What a buyer learns about you when they ask whether you would sell to your biggest competitor for the same price.
Why the multiple is just the starting point, and how cash at closing, seller financing, and rolled equity can swing the real outcome by more than most founders expect.
How Mark lost 8 to 14 percent of his own deal proceeds not because of bad faith, but because he did not ask the right questions about his rolled equity.
Why pushing for agreement after a sale closes is the fastest way to destroy a partnership — and what to focus on instead.
What working capital and normalized earnings actually mean, and why founders who gloss over both almost always regret it
How to clarify the role you want after closing before it becomes the source of tension no one saw coming.
About our Guest

Mark Ferrier
Mark Ferrier has had the opportunity to initiate seven different companies, exiting three in multiple forms and experiencing failure with one.
Over his 25-year career in growing businesses and building brands, many of the enterprises he has been involved with have earned recognition on the Growth 100 List and the Profit Hot 50 start-up lists.
He exited his last business, Traffikgroup.com, in 2015 to an Onex company and subsequently led their global growth strategy with the brand and marketing organization globally, increasing revenue from $20M USD to $75M USD before his departure in 2019.
Mark’s business philosophies are anchored in the belief that value creation is not solely financial. It must also be demonstrable in the growth of human capital and the communities in which businesses operate, both physically and virtually.
In 2021, he founded Kurious Inc. and &Capital, with a straightforward mission to assist companies in growth based on his experiences and strategies around growth, serving as an entrepreneur, creator, business builder, and investor.
Definition of Terms
Shotgun Clause: A “shotgun clause” is a type of buy-sell agreement often included in the partnership or shareholder agreements of a privately-held company. This clause is designed to resolve situations where partners or shareholders want to separate from each other due to disagreements or other issues.
How it Works:
Triggering Event: One partner/shareholder (the “Offeror”) initiates the shotgun clause, typically when there is a deadlock or disagreement that can’t be resolved.
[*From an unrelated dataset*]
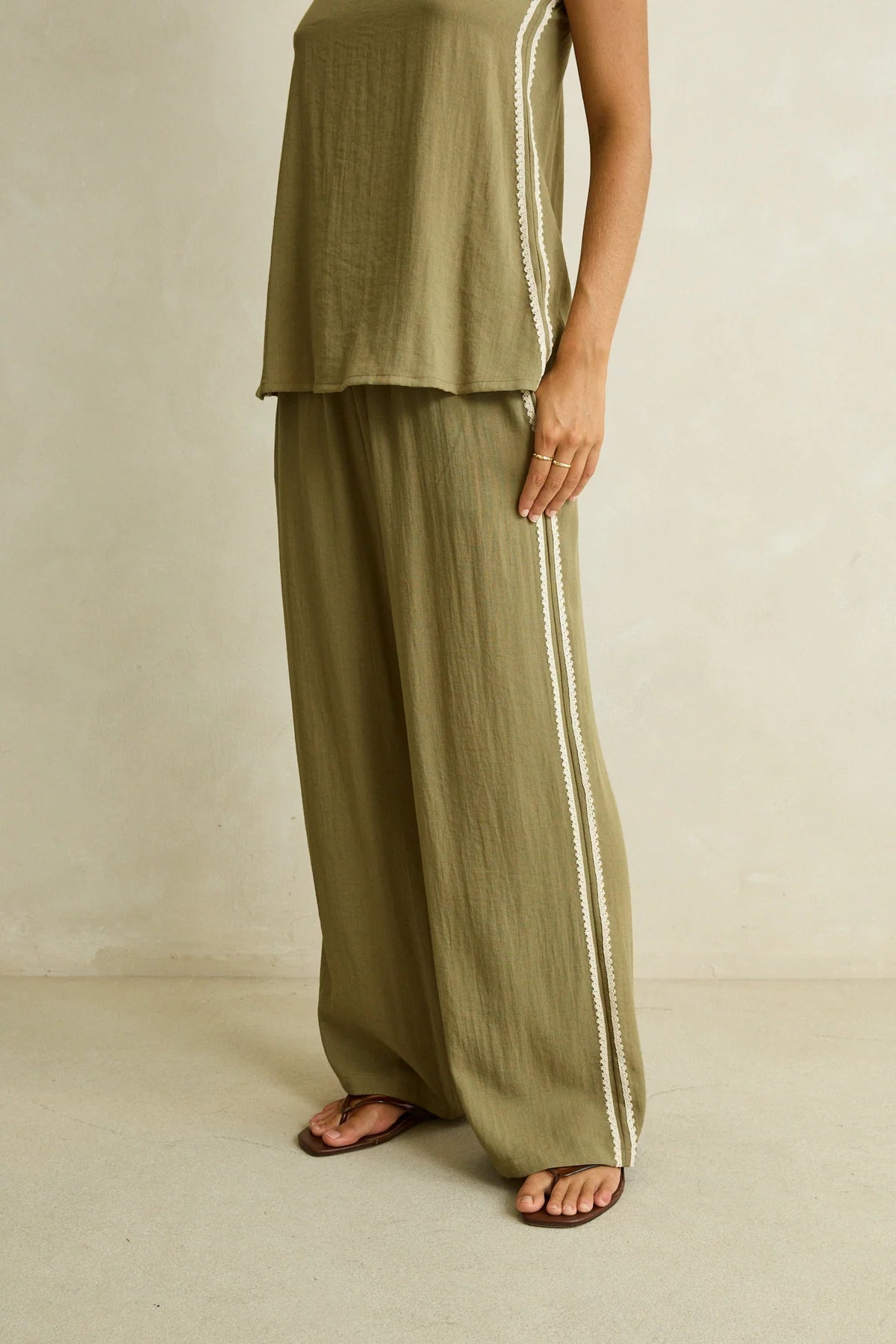 RHYTHM LINEN LACE TRACK PANT - OLIVE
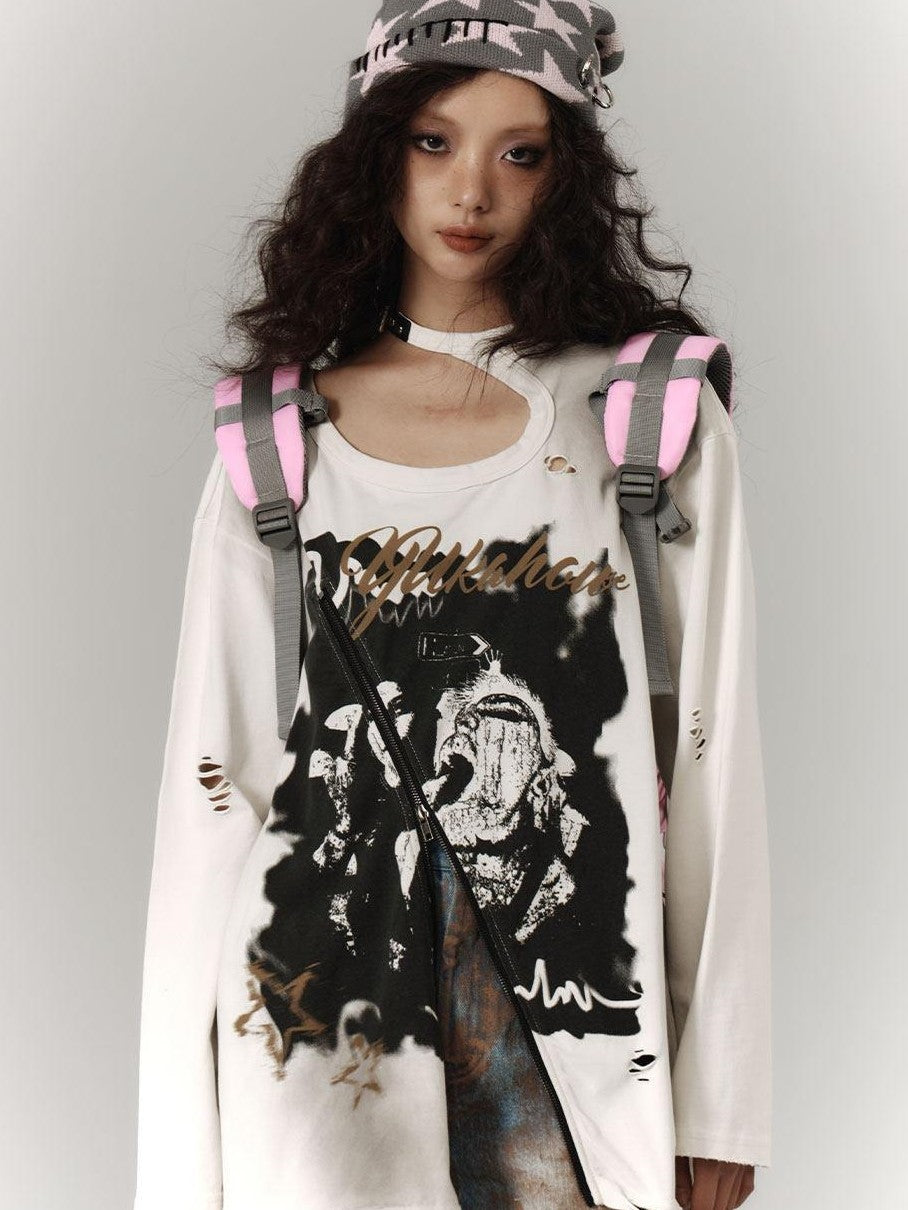 YUKAHOUSE White Distressed Vintage Ripped Washed Women's Cotton Long Sleeve T-shirts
Buy or Sell Offer: The Offeror proposes a price per share to buy the other partner’s/shareholder’s (the “Offeree”) shares or sell their own shares to the Offeree.
Decision Time: The Offeree must decide whether to sell their shares at the proposed price or buy the Offeror’s shares at the same price.
Binding Decision: Once the Offeree makes a decision, both parties are bound by it, meaning the Offeree must either sell their shares or buy the Offeror’s shares at the stipulated price.